RECORDS PROVIDED:

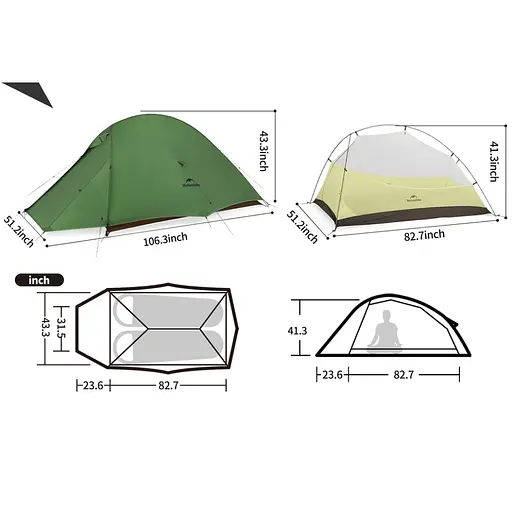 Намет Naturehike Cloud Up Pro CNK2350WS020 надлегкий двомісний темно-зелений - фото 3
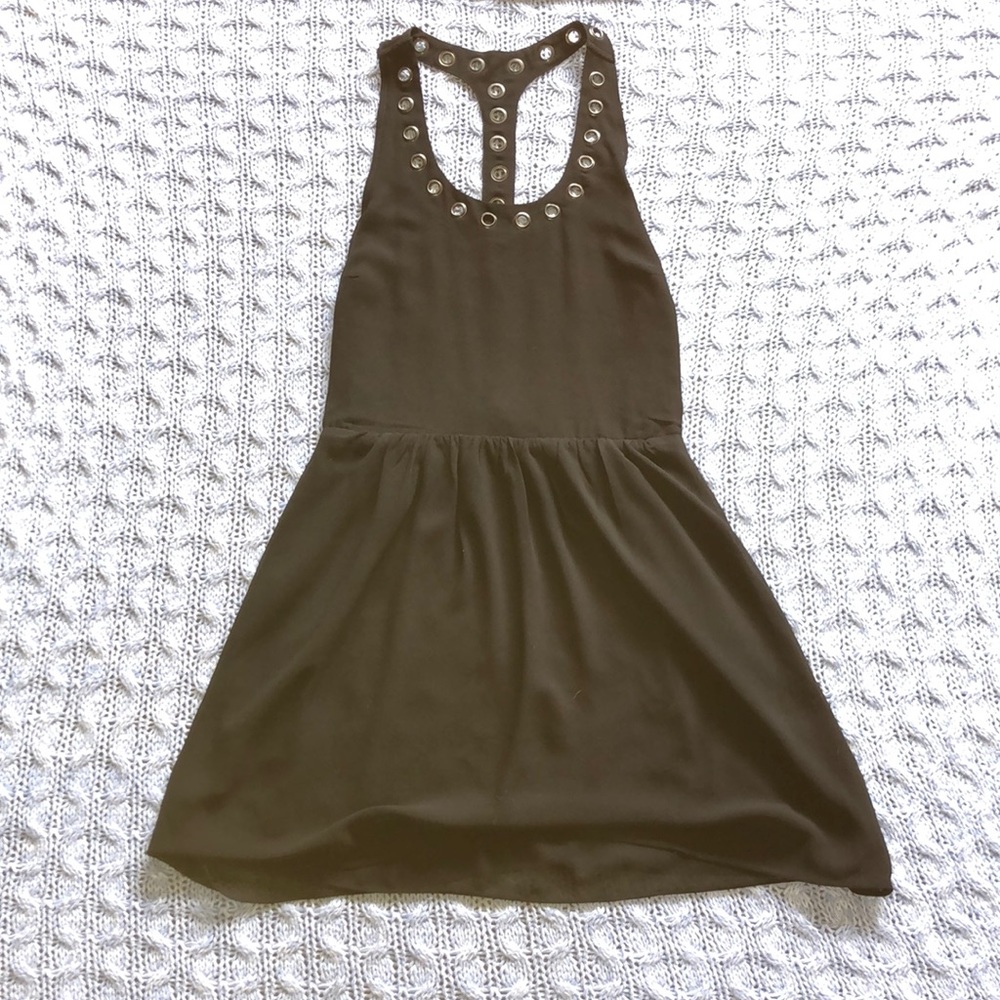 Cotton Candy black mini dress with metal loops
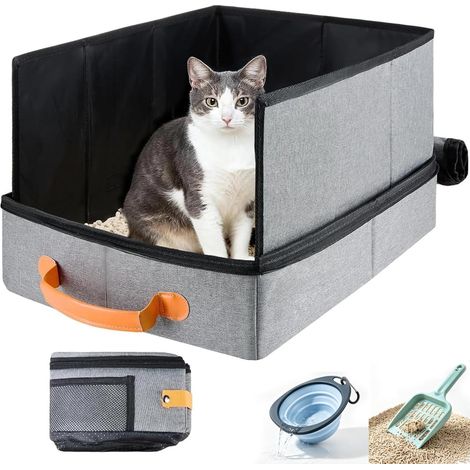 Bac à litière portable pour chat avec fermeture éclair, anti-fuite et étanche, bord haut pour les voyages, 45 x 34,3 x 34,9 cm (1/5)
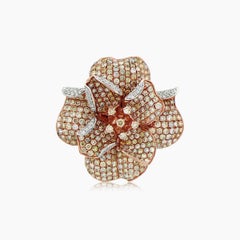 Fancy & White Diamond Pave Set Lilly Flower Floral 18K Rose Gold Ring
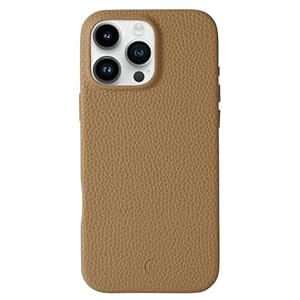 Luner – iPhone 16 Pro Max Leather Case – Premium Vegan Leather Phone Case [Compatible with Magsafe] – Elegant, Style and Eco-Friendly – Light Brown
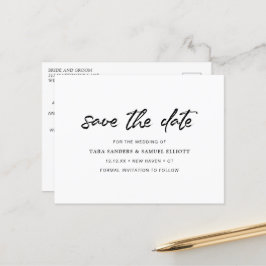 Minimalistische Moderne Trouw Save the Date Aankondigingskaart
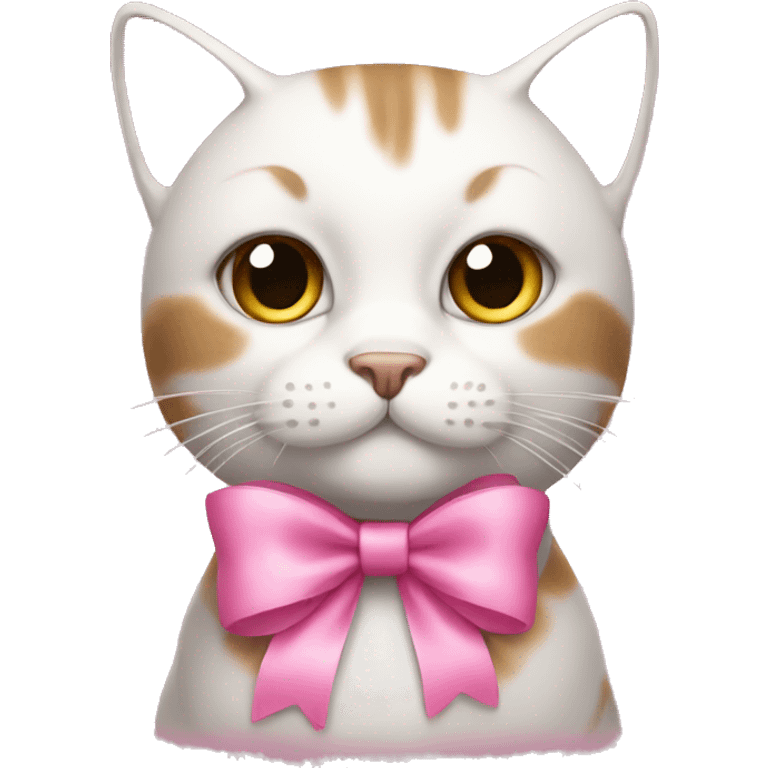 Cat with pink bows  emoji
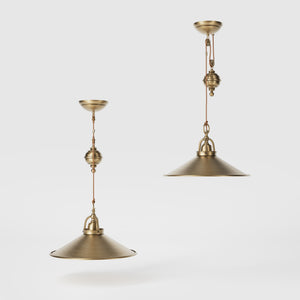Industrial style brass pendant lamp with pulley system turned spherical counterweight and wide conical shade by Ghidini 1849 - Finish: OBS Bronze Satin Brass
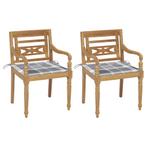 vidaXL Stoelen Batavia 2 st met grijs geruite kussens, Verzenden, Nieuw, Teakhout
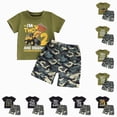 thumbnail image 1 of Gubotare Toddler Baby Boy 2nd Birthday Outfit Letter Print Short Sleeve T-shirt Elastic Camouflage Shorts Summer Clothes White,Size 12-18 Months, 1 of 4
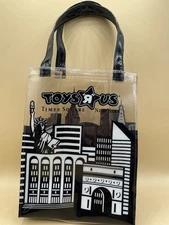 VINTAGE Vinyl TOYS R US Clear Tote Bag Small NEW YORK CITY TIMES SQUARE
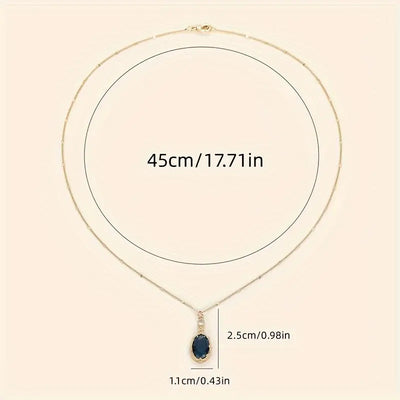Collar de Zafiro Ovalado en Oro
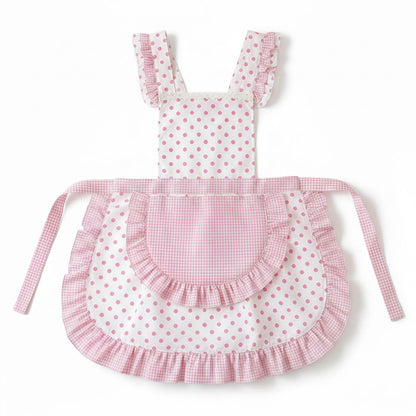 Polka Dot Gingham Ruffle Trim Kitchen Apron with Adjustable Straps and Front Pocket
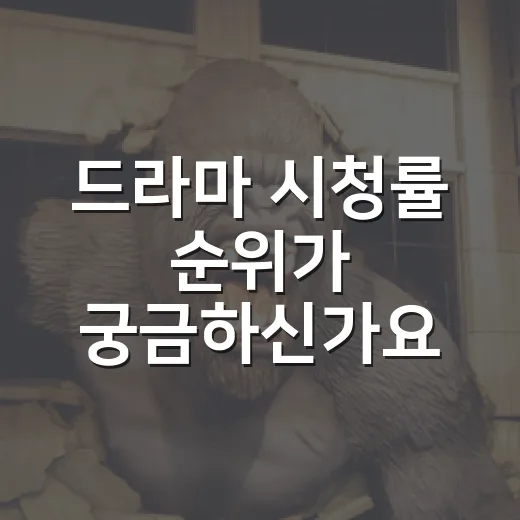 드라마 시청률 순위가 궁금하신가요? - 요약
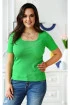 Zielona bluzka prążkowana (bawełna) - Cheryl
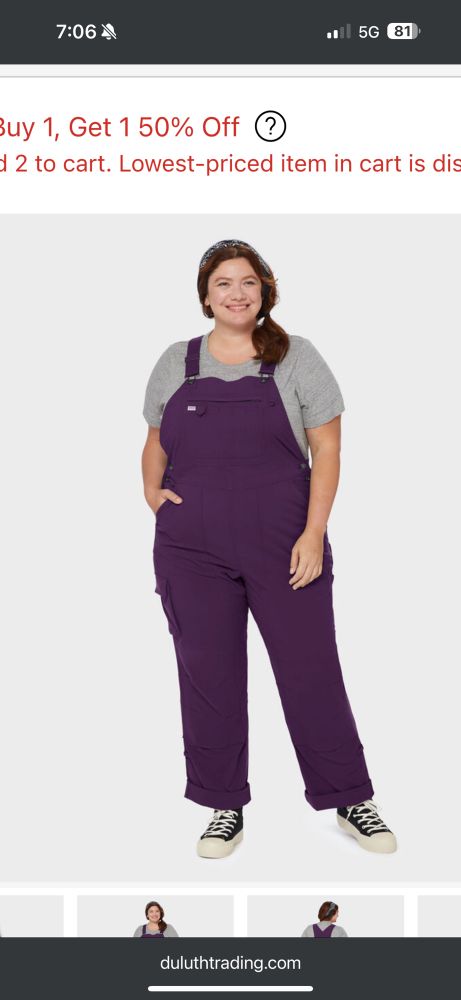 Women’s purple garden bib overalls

ACTIVITY: Within the listing above, the lines starting at the one containing "Fancy & White" and ending at the one containing "vidaXL Stoelen Batavia" are to be returned exactly. Omit the pictures.

EXERCISE SOLUTION:
 Fancy & White Diamond Pave Set Lilly Flower Floral 18K Rose Gold Ring
 Luner – iPhone 16 Pro Max Leather Case – Premium Vegan Leather Phone Case [Compatible with Magsafe] – Elegant, Style and Eco-Friendly – Light Brown
 Minimalistische Moderne Trouw Save the Date Aankondigingskaart
 Cat with pink bows  emoji
Industrial style brass pendant lamp with pulley system turned spherical counterweight and wide conical shade by Ghidini 1849 - Finish: OBS Bronze Satin Brass
 vidaXL Stoelen Batavia 2 st met grijs geruite kussens, Verzenden, Nieuw, Teakhout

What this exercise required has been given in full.